Exercise requirements: The full listing is to be transcribed exactly, with each picture left out.

Materials provided:
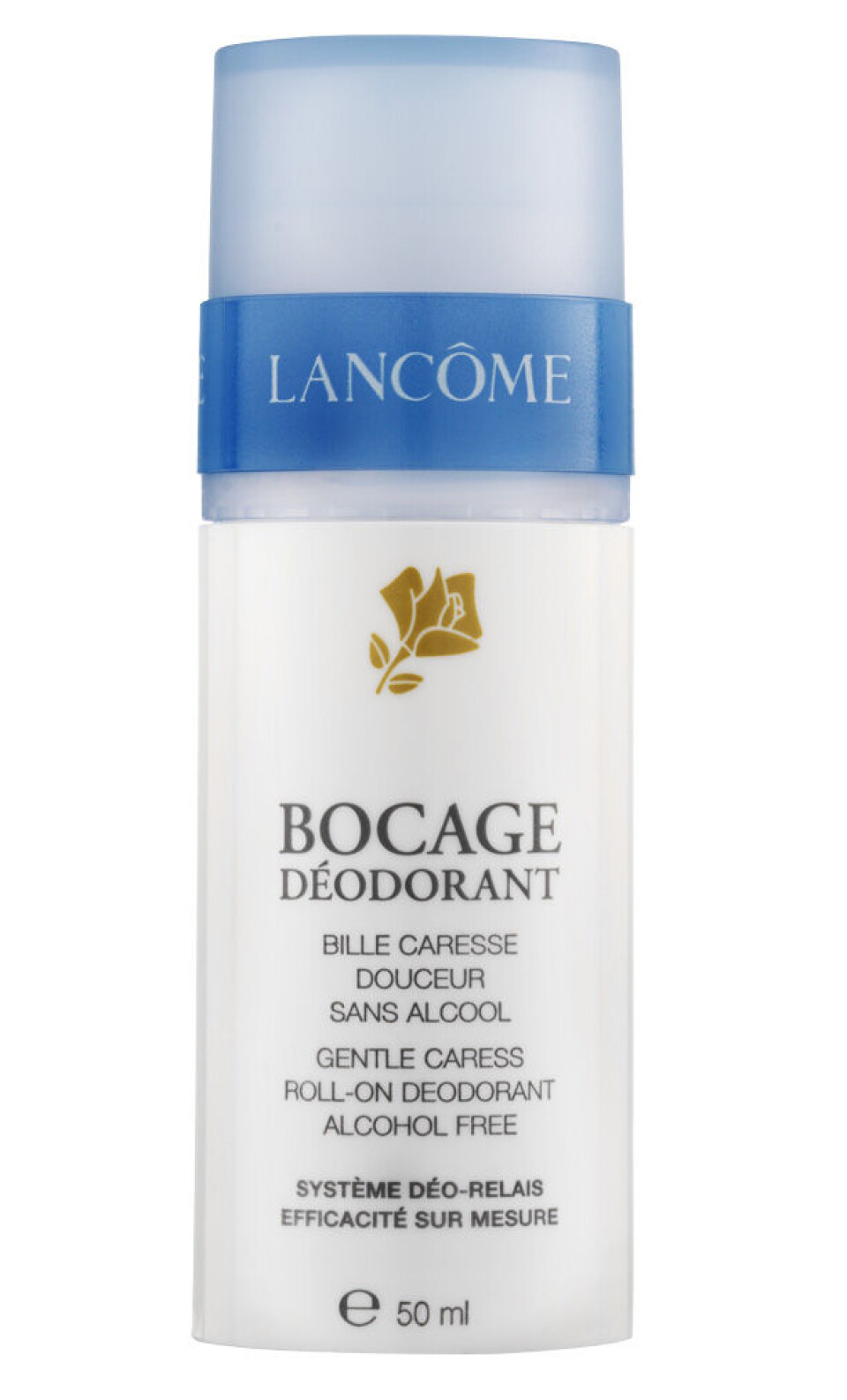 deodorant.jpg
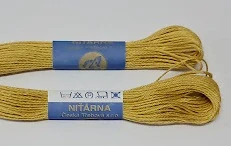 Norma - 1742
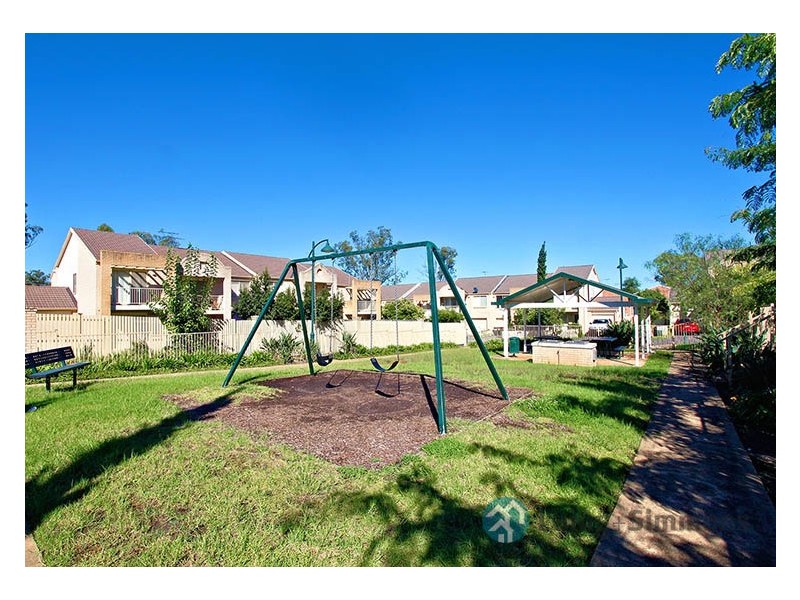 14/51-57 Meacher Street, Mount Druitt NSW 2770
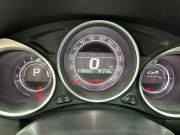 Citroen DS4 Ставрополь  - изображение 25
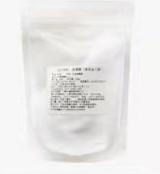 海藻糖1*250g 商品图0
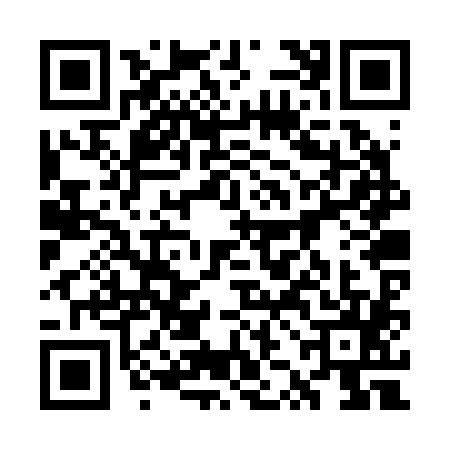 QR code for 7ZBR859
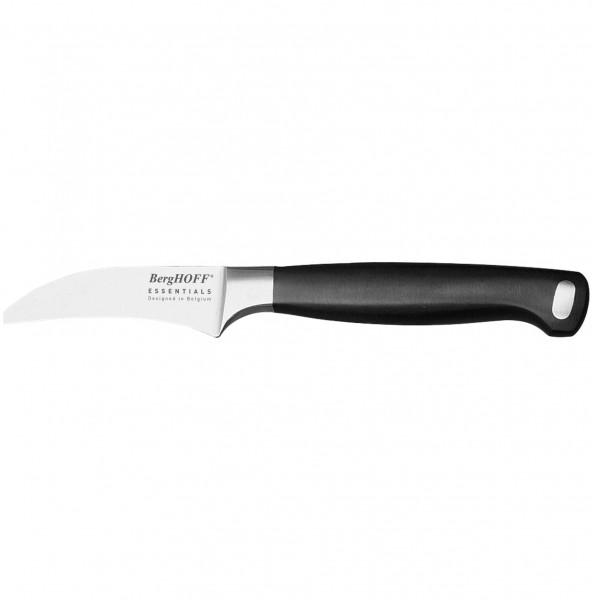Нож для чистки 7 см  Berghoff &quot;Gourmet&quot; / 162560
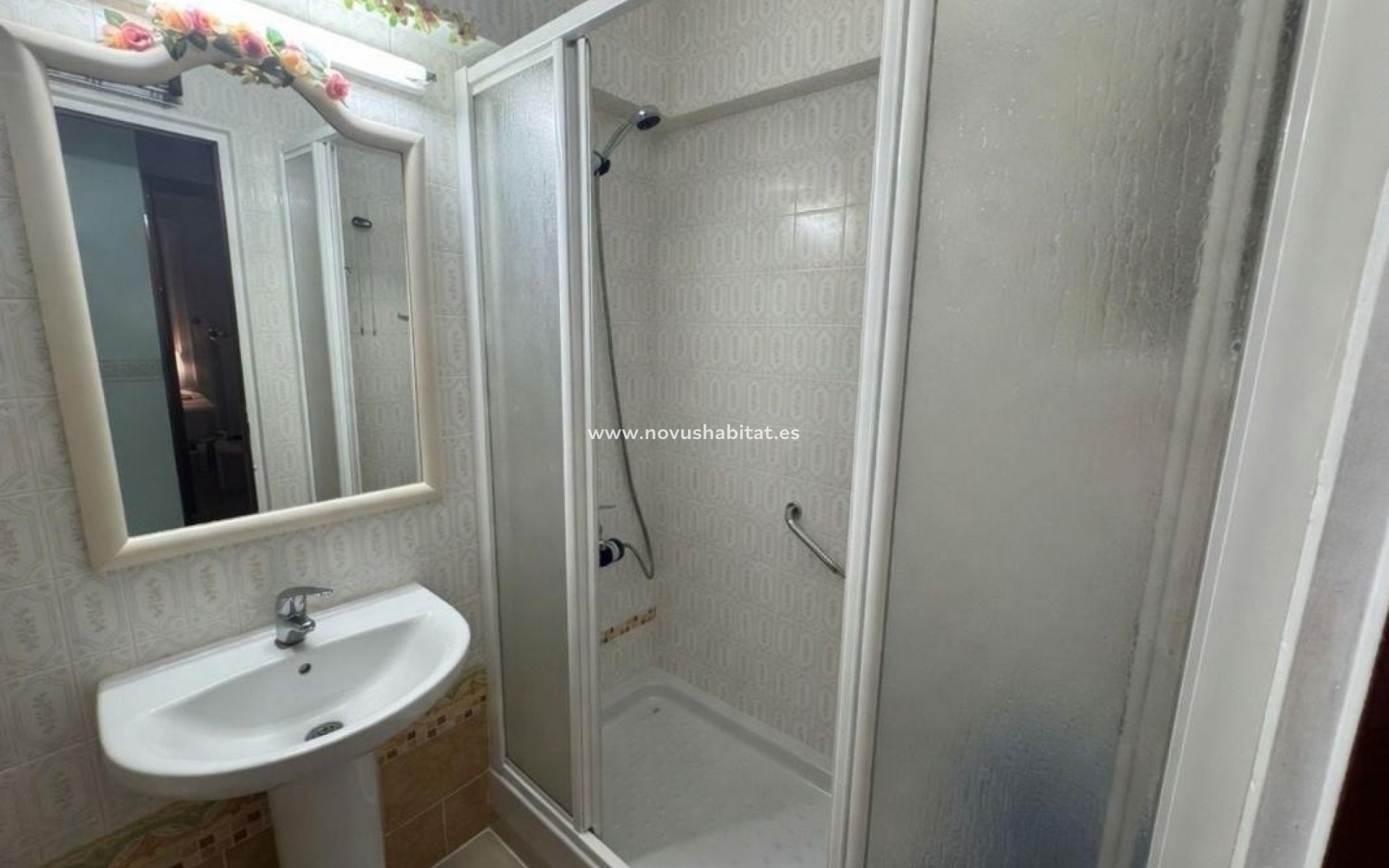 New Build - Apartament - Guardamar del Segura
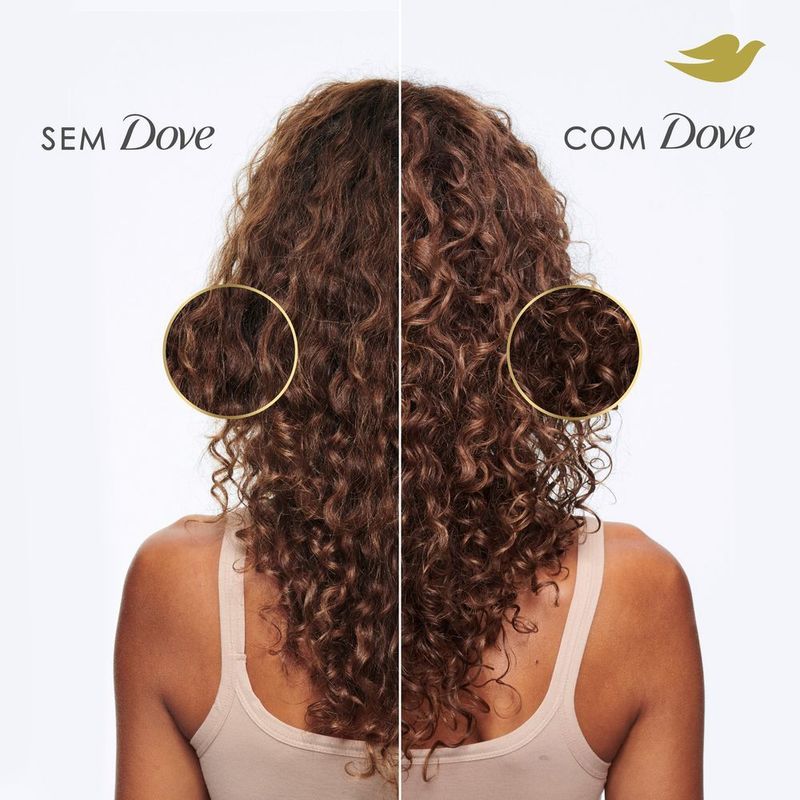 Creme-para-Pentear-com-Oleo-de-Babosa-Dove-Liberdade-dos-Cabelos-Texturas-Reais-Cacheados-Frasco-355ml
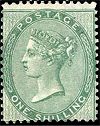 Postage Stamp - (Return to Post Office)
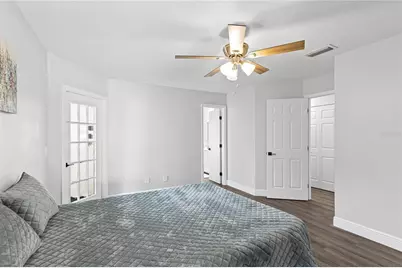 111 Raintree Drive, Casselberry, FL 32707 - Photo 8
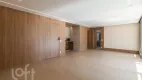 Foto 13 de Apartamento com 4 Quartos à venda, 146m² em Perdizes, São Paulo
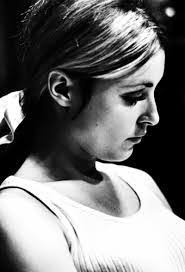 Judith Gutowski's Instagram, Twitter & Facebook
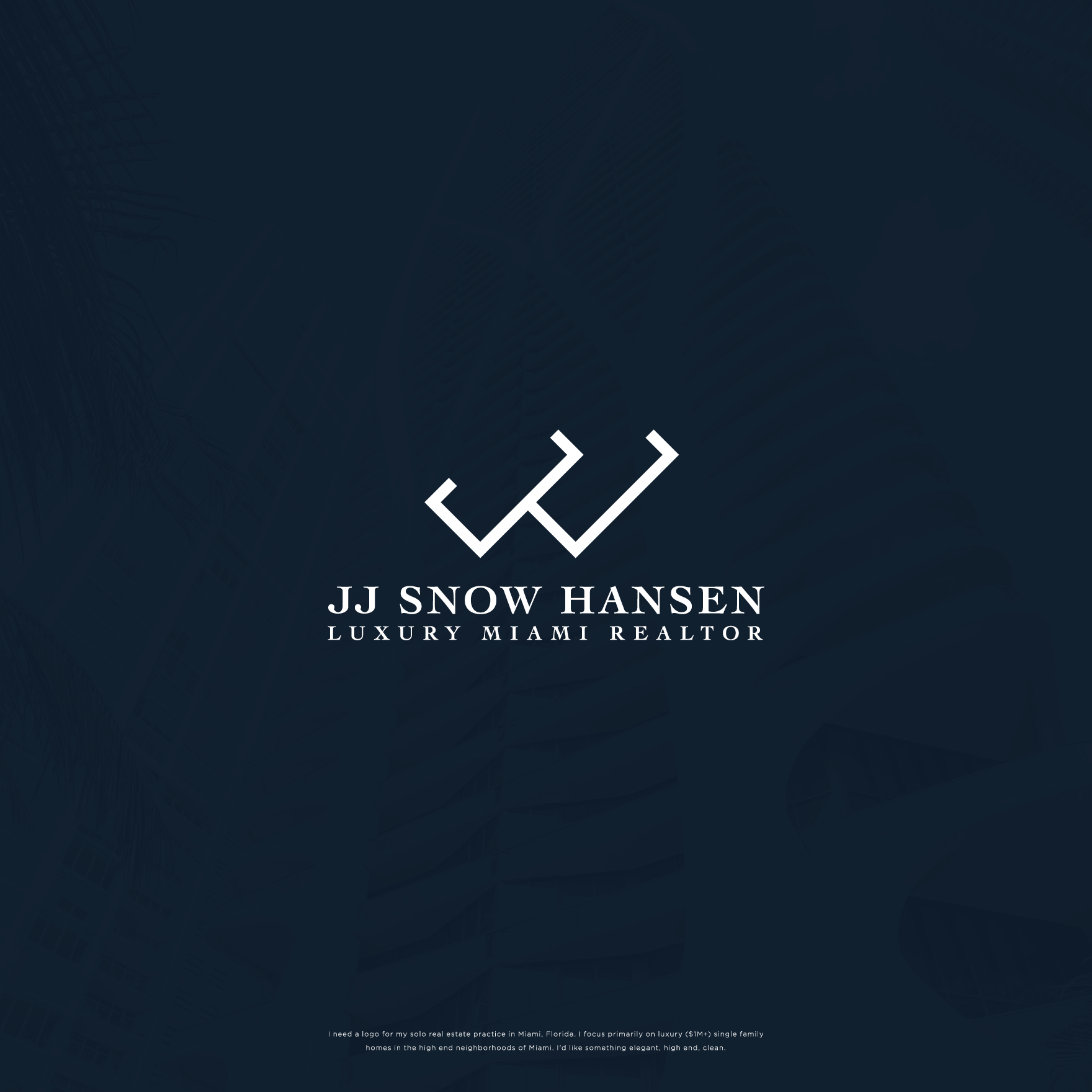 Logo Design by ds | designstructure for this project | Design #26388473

Written response:
 deodorant.jpg
 Norma - 1742
 14/51-57 Meacher Street, Mount Druitt NSW 2770
 Citroen DS4 Ставрополь  - изображение 25
 海藻糖1*250g 商品图0
 QR code for 7ZBR859
Нож для чистки 7 см  Berghoff &quot;Gourmet&quot; / 162560
 New Build - Apartament - Guardamar del Segura
 Creme-para-Pentear-com-Oleo-de-Babosa-Dove-Liberdade-dos-Cabelos-Texturas-Reais-Cacheados-Frasco-355ml
 Postage Stamp - (Return to Post Office)
 111 Raintree Drive, Casselberry, FL 32707 - Photo 8
 Foto 13 de Apartamento com 4 Quartos à venda, 146m² em Perdizes, São Paulo
 Judith Gutowski's Instagram, Twitter & Facebook
 Logo Design by ds | designstructure for this project | Design #26388473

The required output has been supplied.